### Exercise objective:
Pictures must not appear in your answer. Write out exactly the lines from the one with "antibody-dme100801 gfap17c1 elisa1" through the last line of the entries below.

Task inputs Start Marker

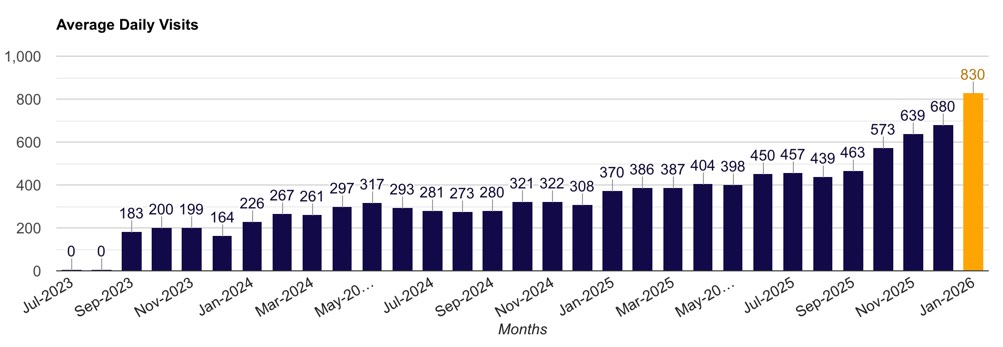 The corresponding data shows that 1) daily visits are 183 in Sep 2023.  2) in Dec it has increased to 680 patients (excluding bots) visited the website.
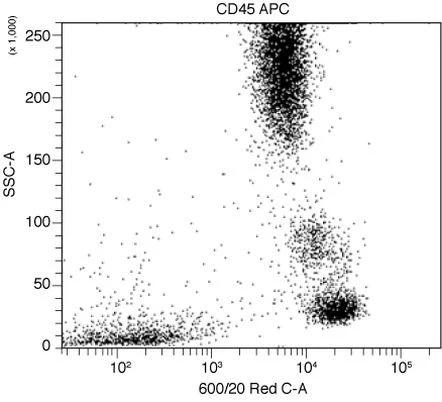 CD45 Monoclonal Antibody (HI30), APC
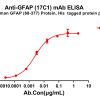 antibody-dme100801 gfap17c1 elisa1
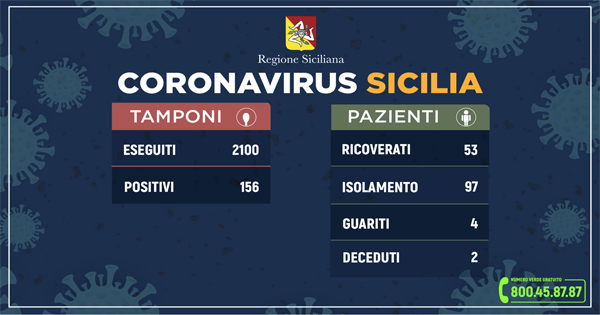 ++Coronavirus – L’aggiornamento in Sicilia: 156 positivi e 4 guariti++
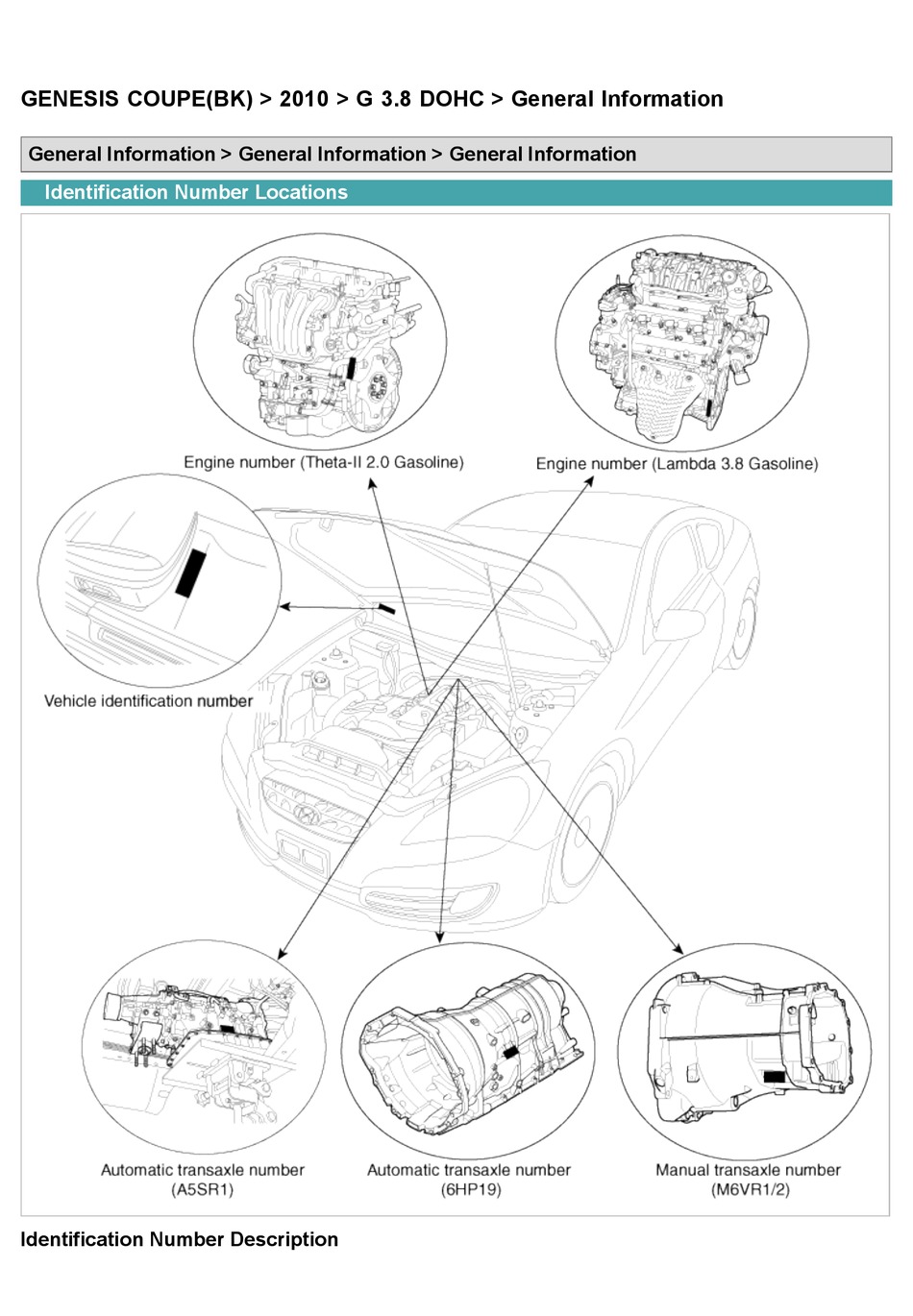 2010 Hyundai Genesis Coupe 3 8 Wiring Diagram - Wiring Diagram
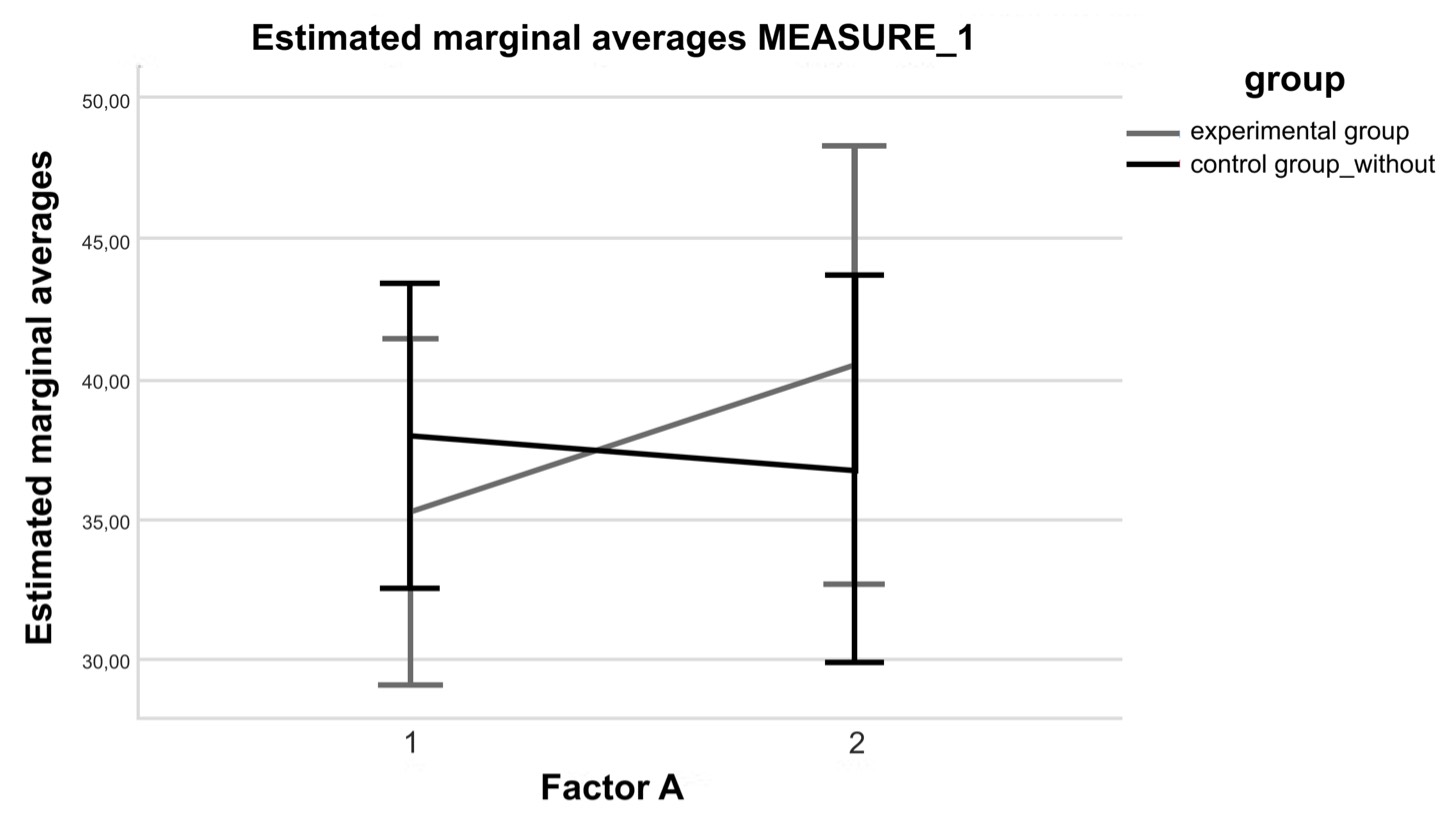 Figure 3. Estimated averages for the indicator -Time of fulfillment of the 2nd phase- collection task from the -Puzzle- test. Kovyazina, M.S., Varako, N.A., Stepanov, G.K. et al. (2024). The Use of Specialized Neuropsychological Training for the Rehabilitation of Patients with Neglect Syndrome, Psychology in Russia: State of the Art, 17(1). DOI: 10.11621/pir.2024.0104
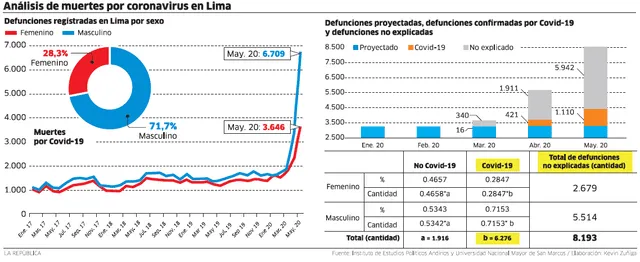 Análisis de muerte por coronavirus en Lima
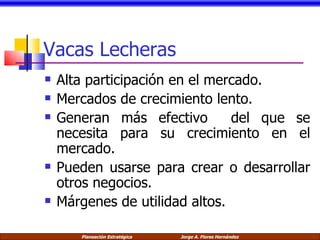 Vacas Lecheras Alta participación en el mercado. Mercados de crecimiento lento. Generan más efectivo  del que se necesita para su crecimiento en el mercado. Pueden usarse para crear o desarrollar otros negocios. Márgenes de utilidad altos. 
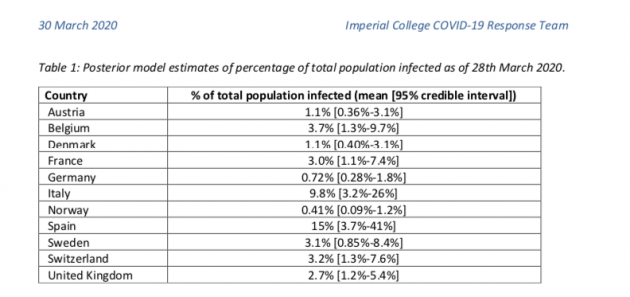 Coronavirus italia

Task inputs End Marker

### The answer:
 antibody-dme100801 gfap17c1 elisa1
 ++Coronavirus – L’aggiornamento in Sicilia: 156 positivi e 4 guariti++
 2010 Hyundai Genesis Coupe 3 8 Wiring Diagram - Wiring Diagram
 Figure 3. Estimated averages for the indicator -Time of fulfillment of the 2nd phase- collection task from the -Puzzle- test. Kovyazina, M.S., Varako, N.A., Stepanov, G.K. et al. (2024). The Use of Specialized Neuropsychological Training for the Rehabilitation of Patients with Neglect Syndrome, Psychology in Russia: State of the Art, 17(1). DOI: 10.11621/pir.2024.0104
 Análisis de muerte por coronavirus en Lima
 Vacas Lecheras Alta participación en el mercado. Mercados de crecimiento lento. Generan más efectivo  del que se necesita para su crecimiento en el mercado. Pueden usarse para crear o desarrollar otros negocios. Márgenes de utilidad altos. 
 Coronavirus italia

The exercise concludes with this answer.